In diesem Vertrag haben sich die Unterzeichnerstaaten darauf geeinigt, dass ein literarisches oder künstlerisches Werk urheberrechtlich geschützt ist, sobald es existiert (oder anders gesagt, sobald es in einem Medium “fixiert” ist). Das bedeutet, dass ein Urheber das Urheberrecht nicht registrieren oder beantragen muss. In einigen Ländern kann er dies dennoch tun, und in einigen Gerichtsbarkeiten, einschließlich der USA, kann eine Registrierung für Klagen wegen Rechtsverletzung erforderlich sein.
Außerdem verpflichten sich die Unterzeichner, die Urheberrechte aller Autoren eines anderen Unterzeichnerlandes zu respektieren, was im November 2022 181 der 195 Länder der Welt betraf.
Allerdings ist nicht alles, was jemals geschaffen wurde, urheberrechtlich geschützt. Um als urheberrechtlich geschütztes Werk zu gelten, muss die Schöpfung einige grundlegende Kriterien erfüllen: Fakten und Ideen können beispielsweise nicht urheberrechtlich geschützt werden, aber ein Text, der eine Idee erläutert, kann geschützt werden, wenn er ein bestimmtes Maß an Originalität erreicht. Viele Gerichtsbarkeiten prüfen derzeit, wie viel künstliche Intelligenz eingesetzt werden kann, um ein Werk zu schaffen, das Originalität und damit urheberrechtlichen Schutz beanspruchen kann.

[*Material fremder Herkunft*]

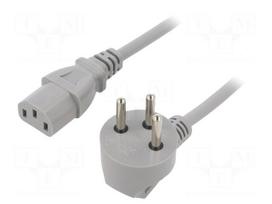 Cable | 3x1mm2 | IEC C13 female,IS1-16P (H) plug angled | PVC | 3m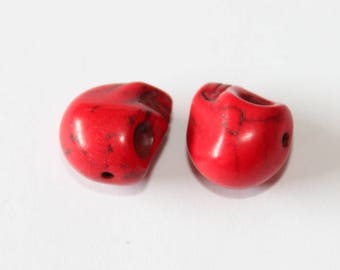 Skull Head, red, 12 mm, the pair
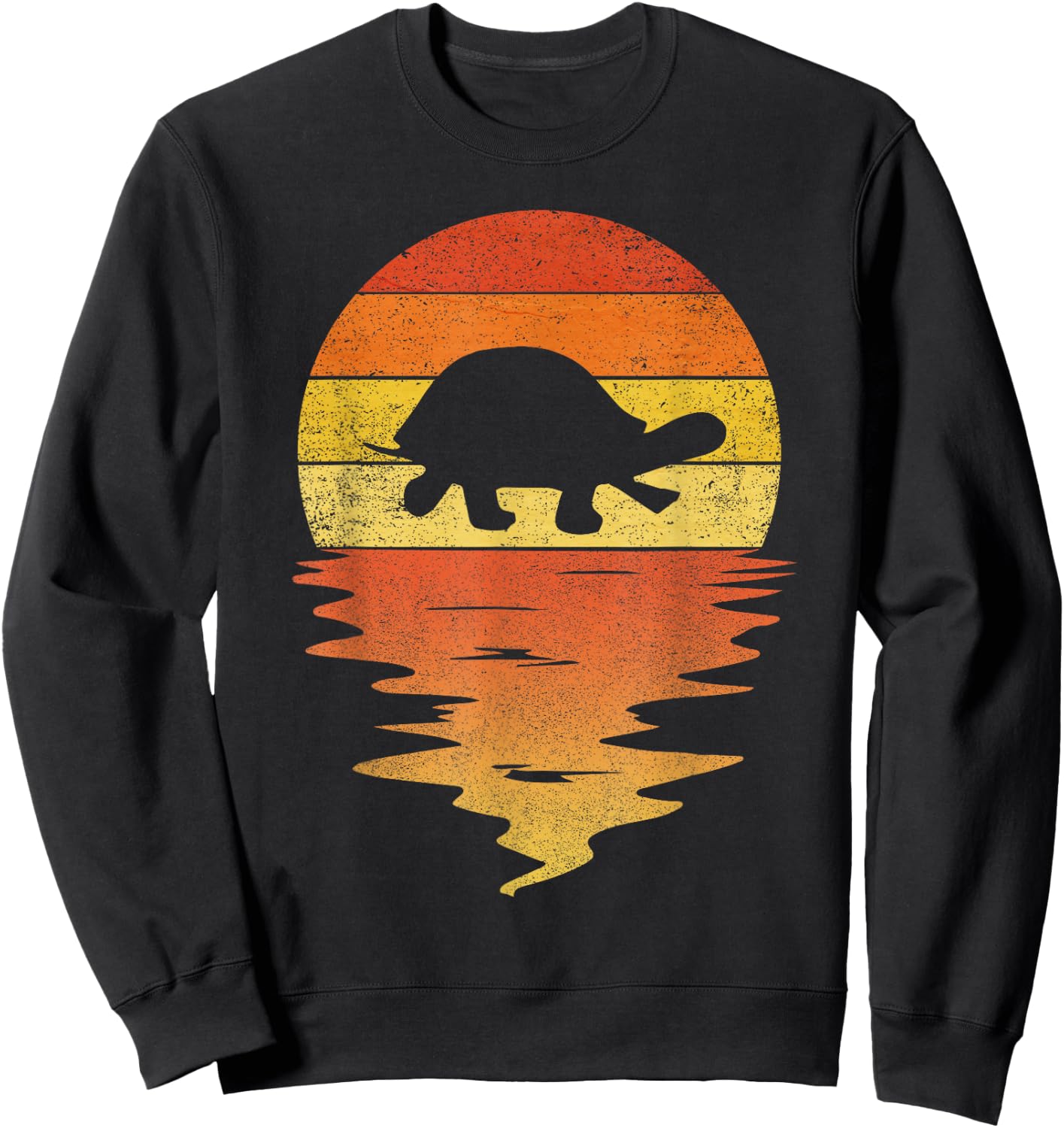 Turtle shirt retro sunset 70s vintage Turtle Sweatshirt - Sweatshirt | Black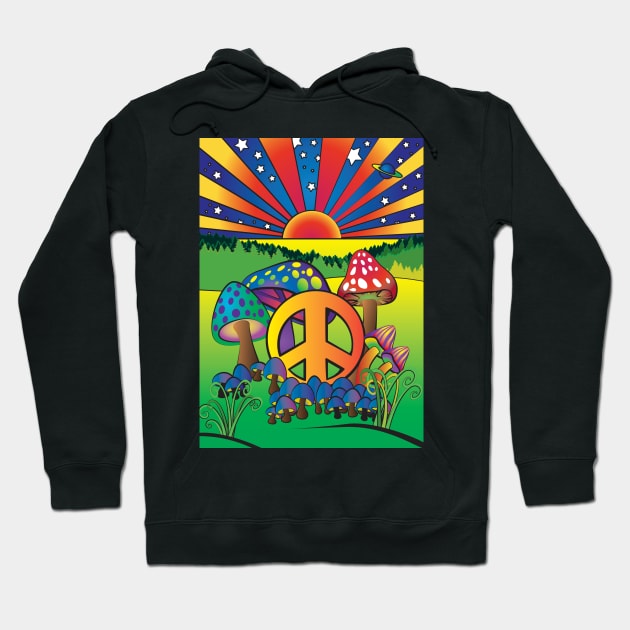 Psychedelic Mushrooms with Peace Sign Hoodie by PauHanaDesign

Je nach Rechtsprechung sind Computerprogramme wie literarische Werke urheberrechtlich geschützt: Das heißt, das Urheberrecht gilt nicht für die Idee oder den Algorithmus, sondern für deren Umsetzung im Quellcode.
Das Urheberrecht gibt dem Urheber das ausschließliche Recht (u.a.), das Werk zu vervielfältigen, zu verändern, Unterlizenzen zu vergeben, zu verbreiten und zu veröffentlichen. Der Empfang des Werks ist frei, d.h. man braucht keine Lizenz, um ein Buch zu lesen oder ein Lied im Radio zu hören, solange man dafür keine dauerhafte Kopie anfertigen muss.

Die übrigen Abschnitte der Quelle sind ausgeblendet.